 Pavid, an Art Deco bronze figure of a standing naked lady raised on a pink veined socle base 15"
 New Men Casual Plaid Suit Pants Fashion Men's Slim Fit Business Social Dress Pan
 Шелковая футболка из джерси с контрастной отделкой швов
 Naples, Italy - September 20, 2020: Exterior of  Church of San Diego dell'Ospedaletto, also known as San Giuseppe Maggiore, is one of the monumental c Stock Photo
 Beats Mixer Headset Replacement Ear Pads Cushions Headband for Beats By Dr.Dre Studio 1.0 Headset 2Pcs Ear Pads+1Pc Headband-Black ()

━━━━

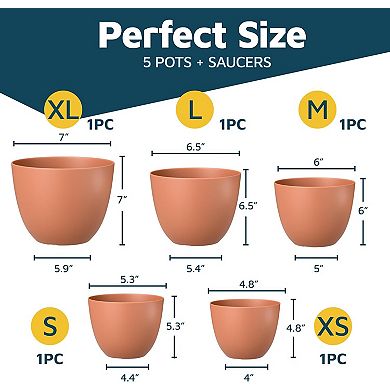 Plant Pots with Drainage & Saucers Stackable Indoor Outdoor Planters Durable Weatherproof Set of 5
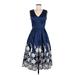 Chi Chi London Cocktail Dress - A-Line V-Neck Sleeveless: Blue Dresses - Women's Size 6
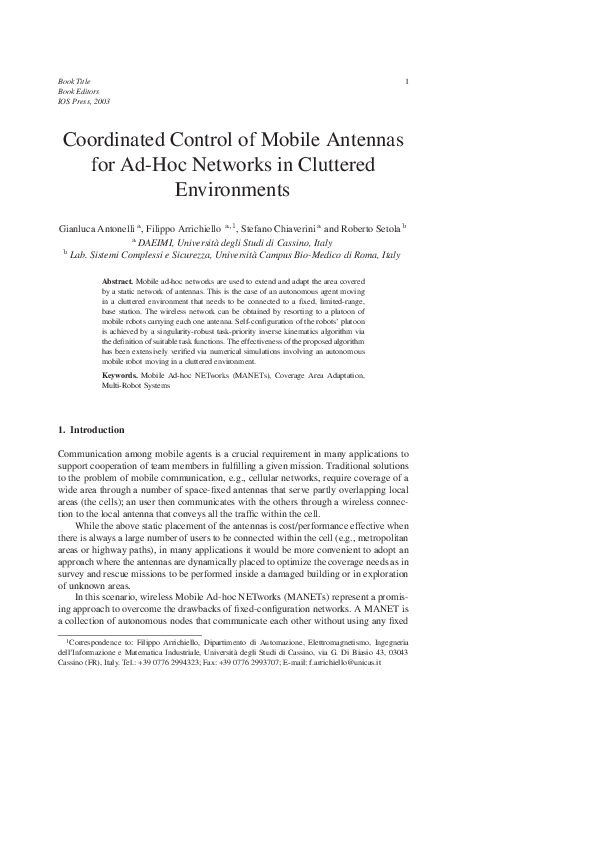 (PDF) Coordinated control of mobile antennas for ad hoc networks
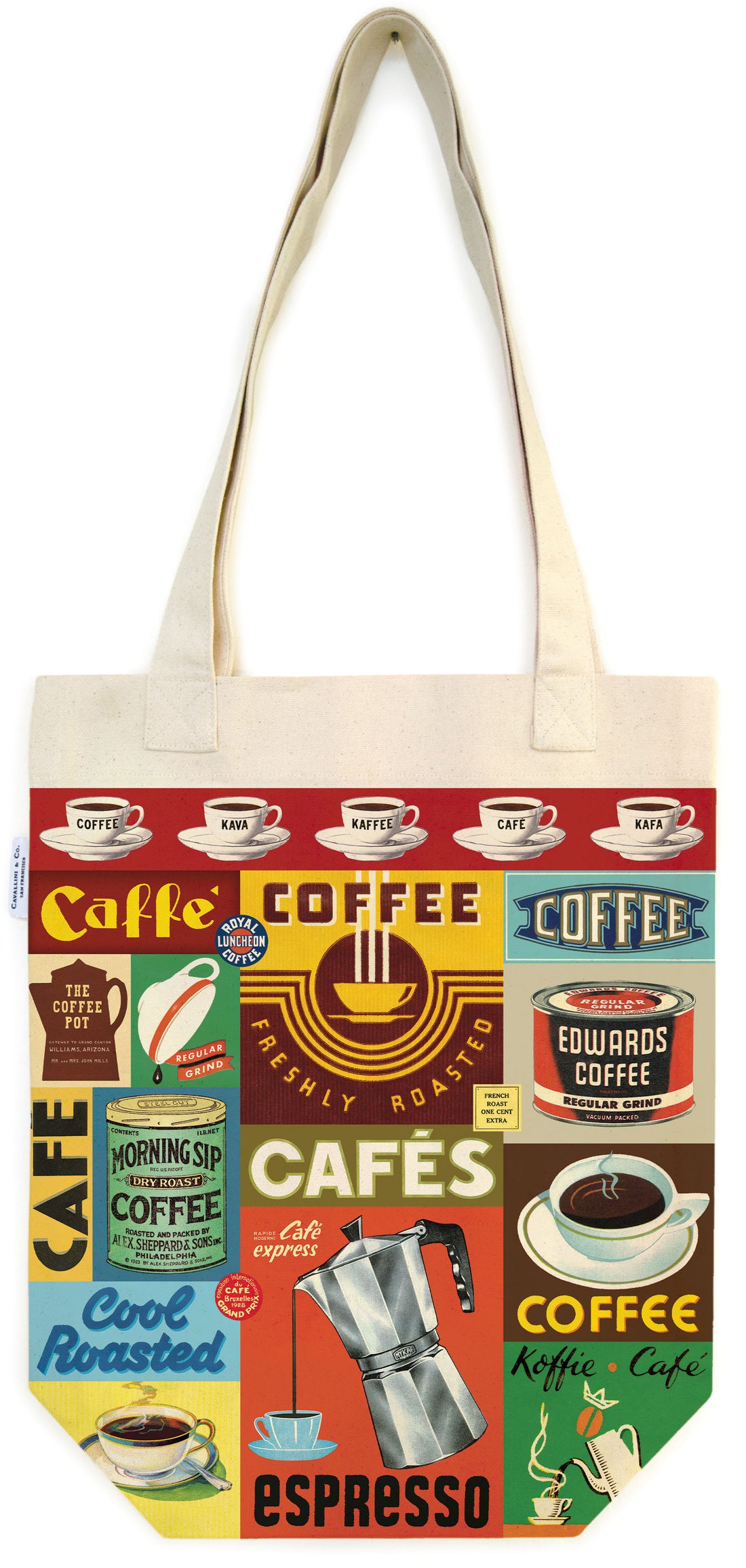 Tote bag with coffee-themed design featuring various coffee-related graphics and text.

━━━━

» **The task**: Print, from the entries above, the line with "Pavid, an Art", the line with "Beats Mixer Headset" and all lines between them, exactly and with nothing else.

» **Response box**:
 Pavid, an Art Deco bronze figure of a standing naked lady raised on a pink veined socle base 15"
 New Men Casual Plaid Suit Pants Fashion Men's Slim Fit Business Social Dress Pan
 Шелковая футболка из джерси с контрастной отделкой швов
 Naples, Italy - September 20, 2020: Exterior of  Church of San Diego dell'Ospedaletto, also known as San Giuseppe Maggiore, is one of the monumental c Stock Photo
 Beats Mixer Headset Replacement Ear Pads Cushions Headband for Beats By Dr.Dre Studio 1.0 Headset 2Pcs Ear Pads+1Pc Headband-Black ()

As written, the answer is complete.